→ YOUR GOAL
The pictures in the listing below are to be skipped, while the lines between the line holding "斜めがけショルダーバッグ 鞄 ポ..." and the line holding "Pokemon Card Articuno", inclusive, are to be output exactly.

··· PROVIDED MATERIAL

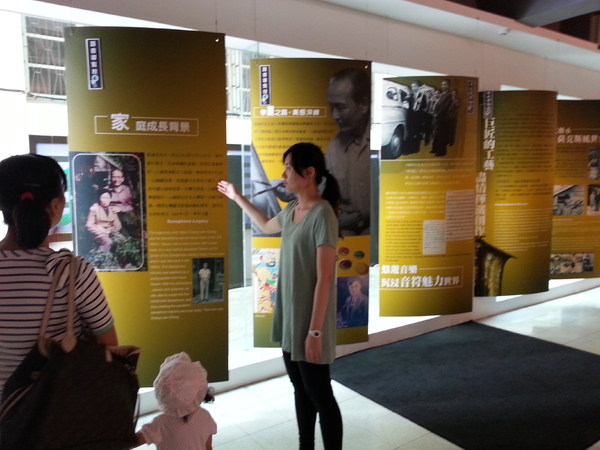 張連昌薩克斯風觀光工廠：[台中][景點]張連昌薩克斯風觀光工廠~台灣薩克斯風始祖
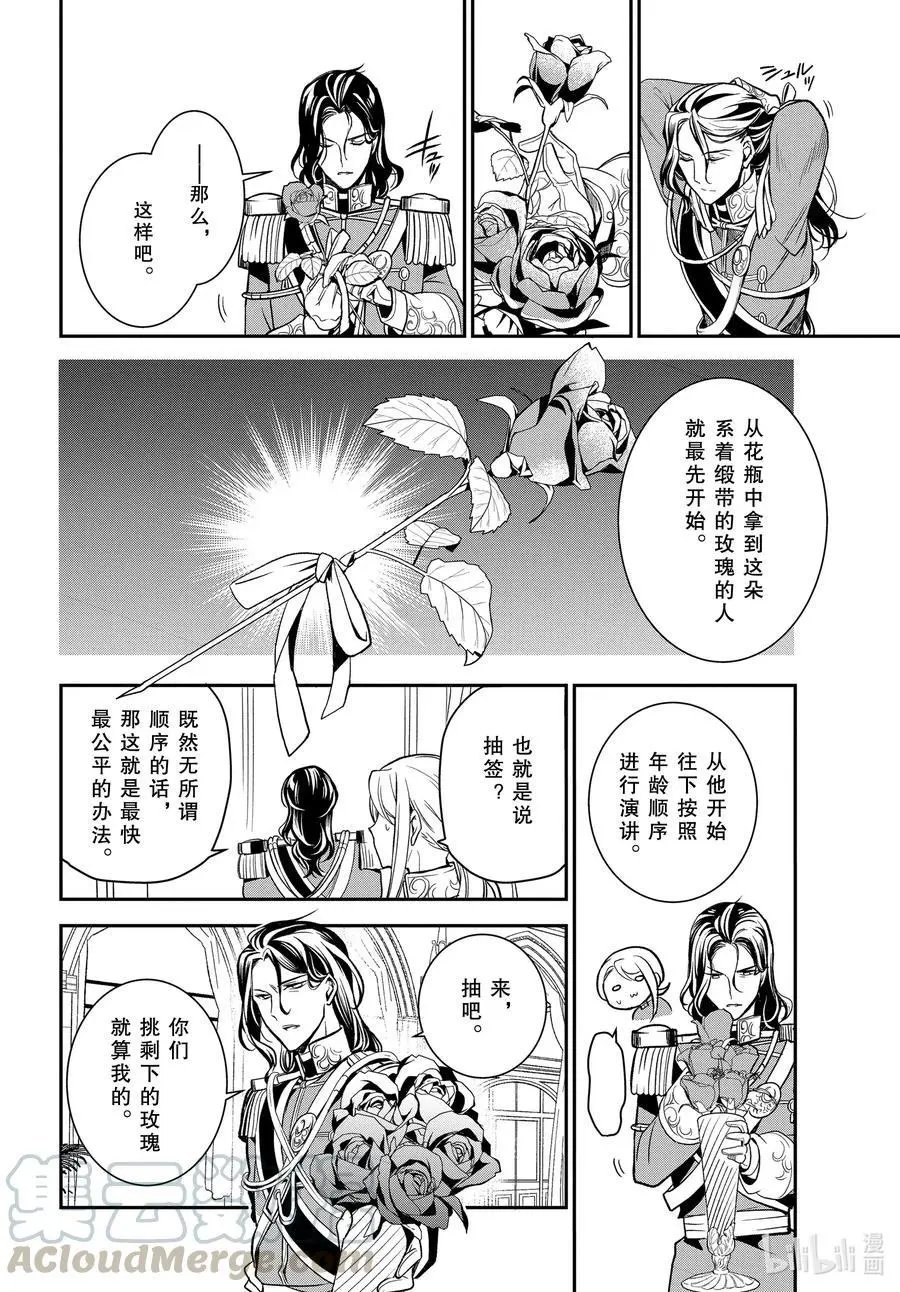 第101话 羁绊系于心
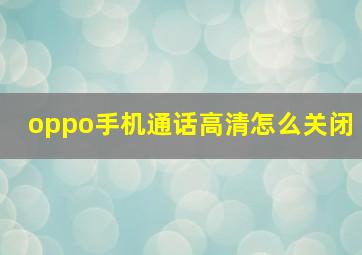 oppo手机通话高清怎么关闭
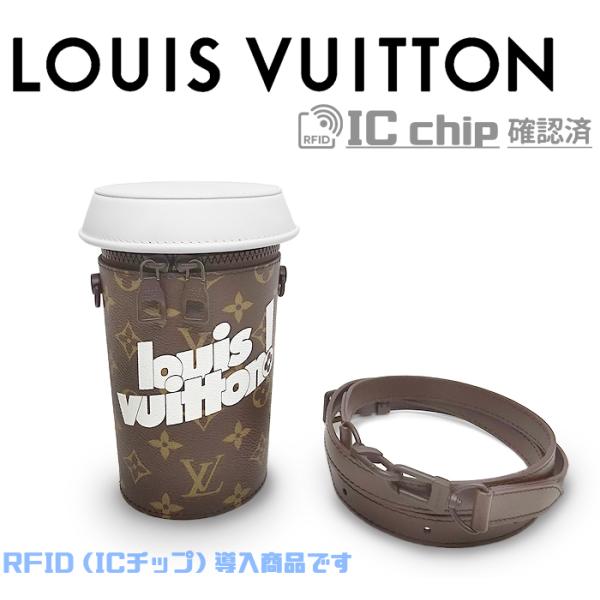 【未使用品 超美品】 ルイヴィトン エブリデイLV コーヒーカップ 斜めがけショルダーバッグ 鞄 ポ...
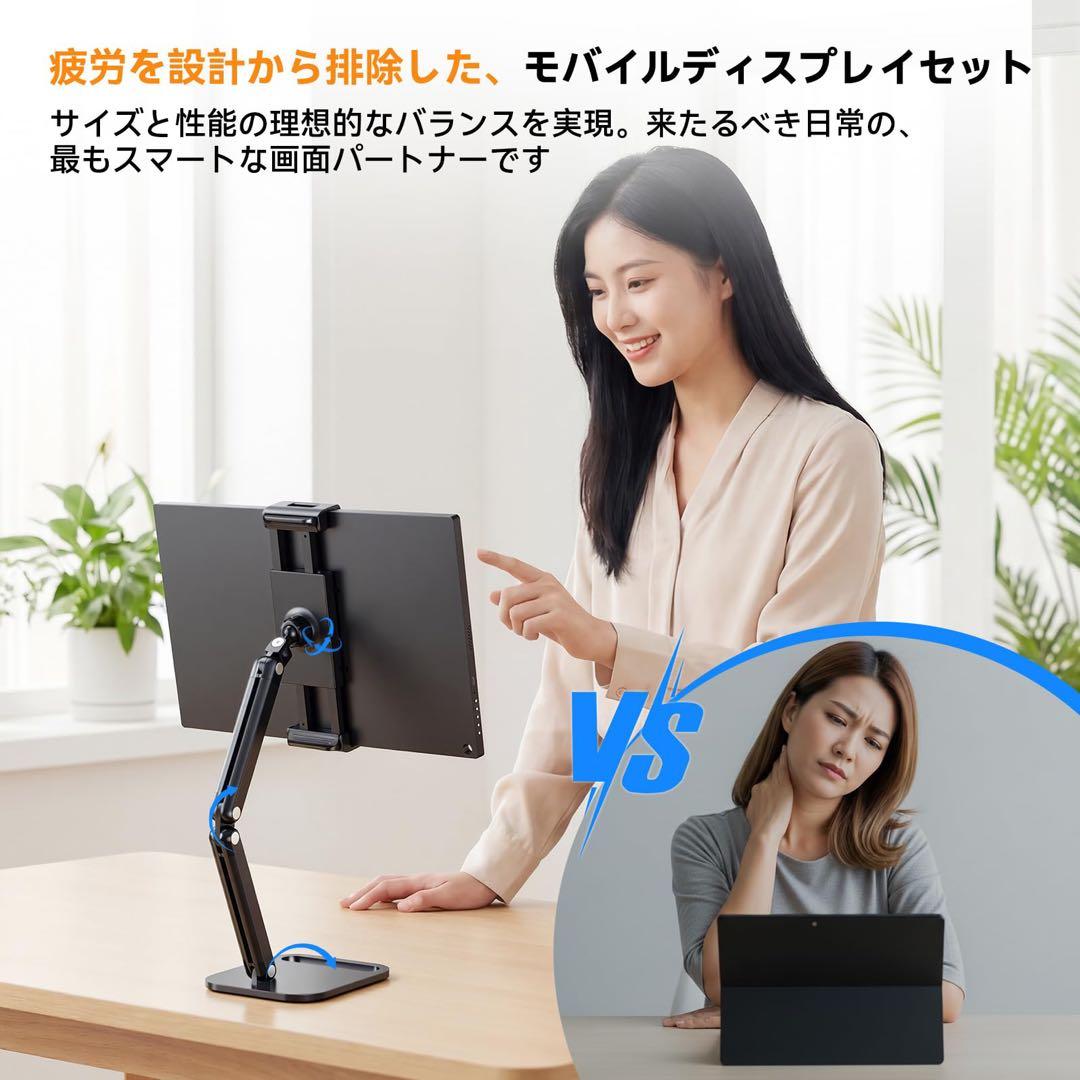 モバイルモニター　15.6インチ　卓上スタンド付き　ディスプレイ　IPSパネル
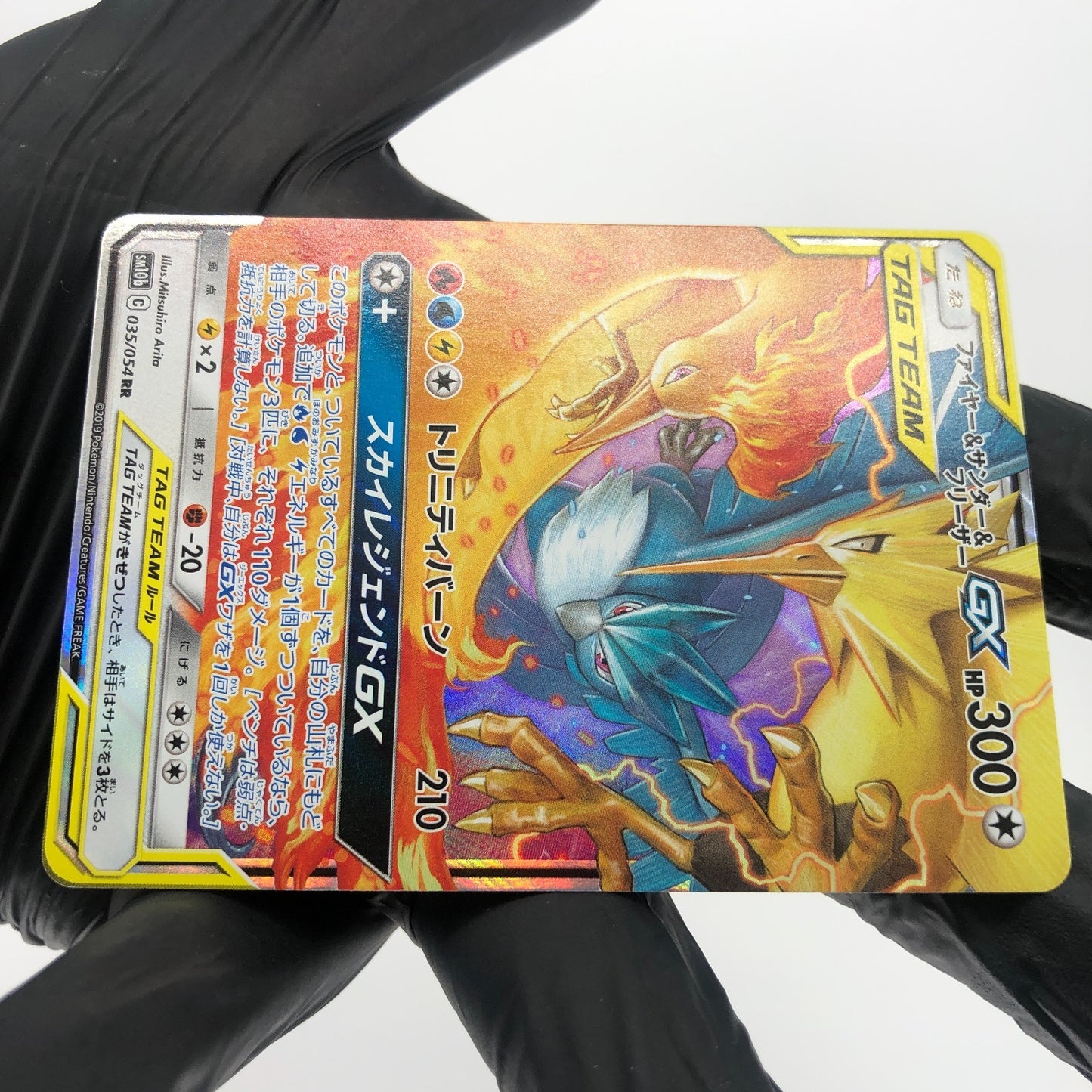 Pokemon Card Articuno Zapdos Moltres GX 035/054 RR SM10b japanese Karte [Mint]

······
··· PROVIDED MATERIAL

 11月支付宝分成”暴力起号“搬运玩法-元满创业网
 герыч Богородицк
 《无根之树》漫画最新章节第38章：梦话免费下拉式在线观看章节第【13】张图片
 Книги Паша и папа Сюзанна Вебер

······
··· PROVIDED MATERIAL

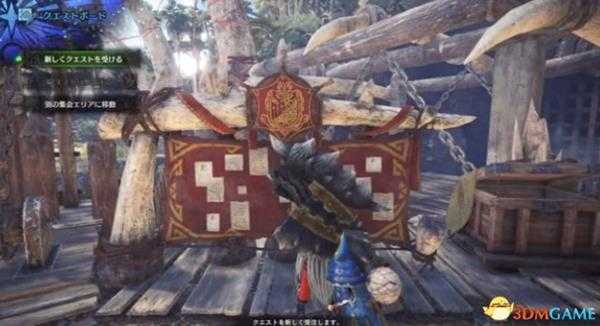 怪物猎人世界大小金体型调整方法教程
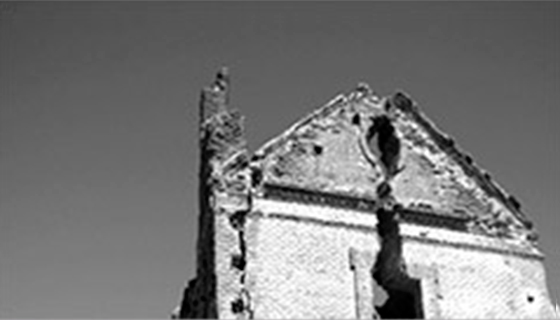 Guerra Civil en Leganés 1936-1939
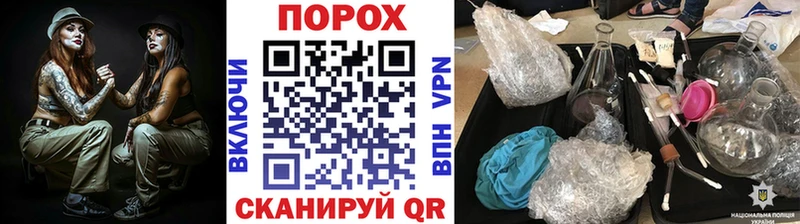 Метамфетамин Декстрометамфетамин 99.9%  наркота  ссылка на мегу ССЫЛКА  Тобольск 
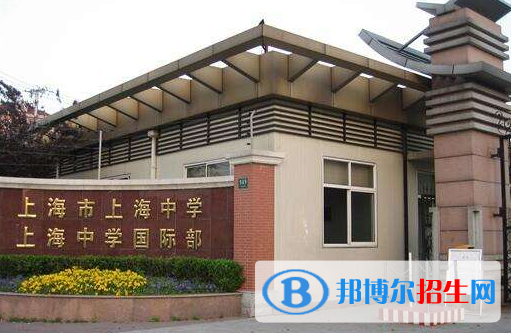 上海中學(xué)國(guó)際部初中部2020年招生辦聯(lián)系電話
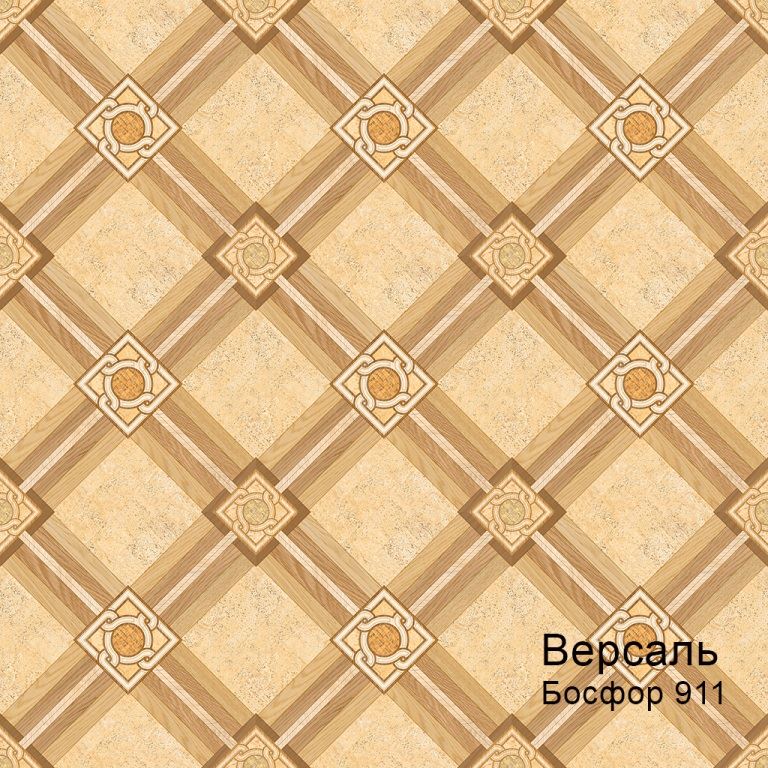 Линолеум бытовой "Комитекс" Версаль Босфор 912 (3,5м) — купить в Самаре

······

→ OUTPUT OF THE EXERCISE
 【未使用品 超美品】 ルイヴィトン エブリデイLV コーヒーカップ 斜めがけショルダーバッグ 鞄 ポ...
 モバイルモニター　15.6インチ　卓上スタンド付き　ディスプレイ　IPSパネル
 Pokemon Card Articuno Zapdos Moltres GX 035/054 RR SM10b japanese Karte [Mint]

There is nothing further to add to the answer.